For many of us, we’re well aware of the privacy implications of the software and services many of us use on a day-to-day basis even if we’re not sure just how this information is shared.

Anyway, since this is something that does tie back to WordPress, data-ownership, and so on, it seems fitting to discuss at least periodically.

I think there’s a level we’ve been comfortable with certain aspects of privacy and how data is shared (some have a higher threshold than others for it, sure) but it’s beginning to reach an unsettling level for me.

But let me back up.

Privacy is Hard

One of the reasons that I’m such an advocate of self-hosted WordPress is because it allows you as much control of information over your data as possible.

Yes, the data still resides on whoever owns your web server; however, you’re able to retrieve it whenever you want (or even delete it). There are also other ways in which you’re able to host your site, but I digress on that for now.

I’m also not a fan of certain plugins because of how they “phone home” with information.

And I’d have to say that were not for a newsletter-author-turned-tweep named Paul, I probably wouldn’t bother writing this post.

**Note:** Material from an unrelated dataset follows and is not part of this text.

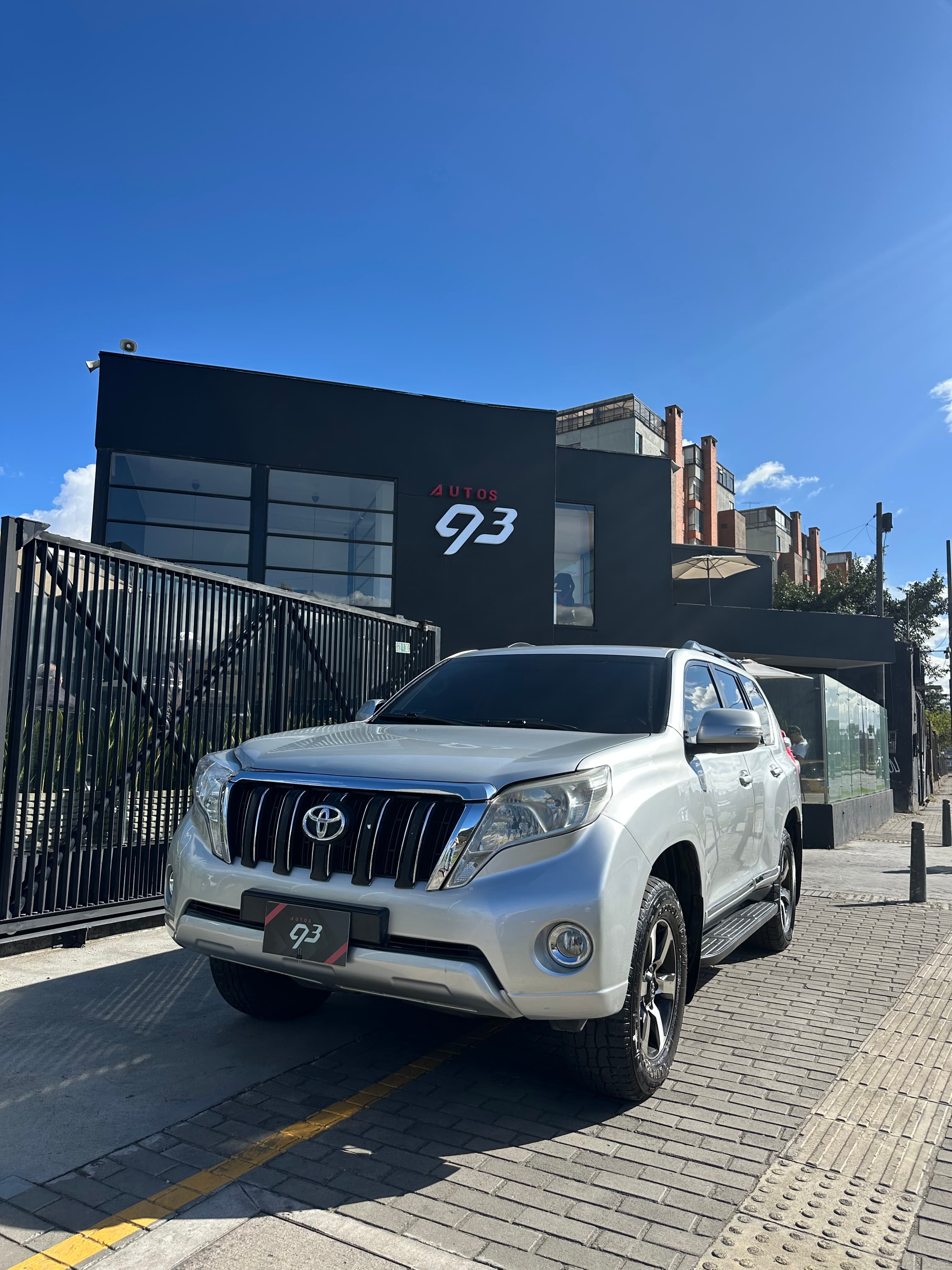 Toyota Prado TX Blindada Modelo 2015 24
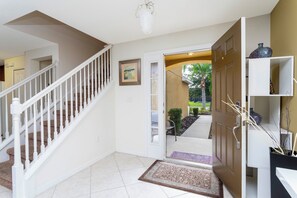 Casa | 4 habitaciones, escritorio y internet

Privacy is Hard: Paul Jarvis

His latest newsletter, which I highly recommend, included this comment that’s been rolling around in my head since I wrote it:

While I don’t think this means we should all drop off of every social network (well, maybe just Facebook), use carrier pigeons to share private information with others or quit the internet completely, I do think we should all have privacy plans in place, to whatever level of comfort makes sense.

I like the clause that’s emphasized above (and, yes, the emphasis is mine). Because here’s why:

What makes sense to me may not make sense to you or vice versa.

But what I’m looking to do over the coming months is evaluate a set of applications and services that I know already exist (like Sync) along with the help of sites such as No More Google and Security Checklist.

Privacy is Hard: No More Google!

This also includes a plethora of other services that I’m used to using such as Google Maps and Waze versus, say, Apple Maps (which I know is not without its problems), Instagram, and other social networks.

My Motivation

By the end of this whole ordeal, my goal is two-fold:

  1. Document everything that I’ve tried and learned, and cover the tradeoffs of what I’ve found,
  2. Land on something that I find comfortable using (again with that what “whatever level of comfort makes sense”).

And finally, I hope that it sparks some interest for those of you who are currently in this space, too. That is, I hope it leads to good questions and conversations via email or Twitter.

In addition to these others sites, services, and applications, I absolutely plan on continuing to talk about WordPress, plugins that I recommend and why, as well as other technologies, software, and services that I’ve listed above.

But, as far as I’m concerned, this is how I see it:

If there was ever a time in which our privacy should be a concern online, I think now is that time. Because it’s better to take notice, take care, and take action sooner rather than later because later is almost always too late.

The 90s Aren’t Always out of Style (Right?)

Man, that last sentence reads like a cheesy 90s commercial. But I do mean it. I’d far rather focus on exploring options and landing on potential solutions now rather than later.